# WHAT TO DO
Lines of the material that include the word "cross" are to be counted; only their number should be given.
..............................
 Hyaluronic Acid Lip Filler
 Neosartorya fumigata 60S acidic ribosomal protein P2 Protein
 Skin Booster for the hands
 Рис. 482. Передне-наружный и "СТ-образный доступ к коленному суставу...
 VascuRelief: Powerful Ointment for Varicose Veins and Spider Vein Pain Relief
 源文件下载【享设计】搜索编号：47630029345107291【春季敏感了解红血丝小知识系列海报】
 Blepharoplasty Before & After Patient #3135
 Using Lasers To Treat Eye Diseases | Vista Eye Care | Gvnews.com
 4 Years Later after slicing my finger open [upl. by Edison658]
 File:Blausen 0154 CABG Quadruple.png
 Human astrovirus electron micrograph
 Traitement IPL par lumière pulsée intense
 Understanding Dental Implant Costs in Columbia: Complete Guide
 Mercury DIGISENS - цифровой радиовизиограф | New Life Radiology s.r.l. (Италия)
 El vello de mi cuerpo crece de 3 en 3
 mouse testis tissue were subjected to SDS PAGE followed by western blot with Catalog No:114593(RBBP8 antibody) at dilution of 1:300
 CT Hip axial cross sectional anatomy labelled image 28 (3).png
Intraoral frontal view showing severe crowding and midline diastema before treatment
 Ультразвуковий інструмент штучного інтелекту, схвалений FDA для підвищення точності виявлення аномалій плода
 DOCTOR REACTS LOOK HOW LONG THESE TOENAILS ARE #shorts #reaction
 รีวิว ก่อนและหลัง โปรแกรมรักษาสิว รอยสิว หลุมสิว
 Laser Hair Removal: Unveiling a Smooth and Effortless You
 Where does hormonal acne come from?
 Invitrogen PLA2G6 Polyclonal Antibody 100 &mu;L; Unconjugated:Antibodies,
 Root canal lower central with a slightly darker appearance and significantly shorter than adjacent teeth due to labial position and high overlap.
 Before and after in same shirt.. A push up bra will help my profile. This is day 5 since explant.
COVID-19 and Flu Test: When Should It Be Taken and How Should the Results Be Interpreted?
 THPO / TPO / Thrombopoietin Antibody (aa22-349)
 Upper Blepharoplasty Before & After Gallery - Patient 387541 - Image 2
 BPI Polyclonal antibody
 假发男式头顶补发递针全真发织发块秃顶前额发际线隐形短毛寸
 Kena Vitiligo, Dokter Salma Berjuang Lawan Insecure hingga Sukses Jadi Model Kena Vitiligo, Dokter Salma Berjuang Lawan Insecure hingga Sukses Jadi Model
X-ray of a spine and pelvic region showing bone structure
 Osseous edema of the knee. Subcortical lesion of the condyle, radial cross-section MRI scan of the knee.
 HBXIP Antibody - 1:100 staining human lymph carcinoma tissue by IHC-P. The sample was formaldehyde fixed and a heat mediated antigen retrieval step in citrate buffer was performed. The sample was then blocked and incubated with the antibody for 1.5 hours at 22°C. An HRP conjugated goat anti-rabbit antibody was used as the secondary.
..............................
# ANSWER FOR THE TASK
2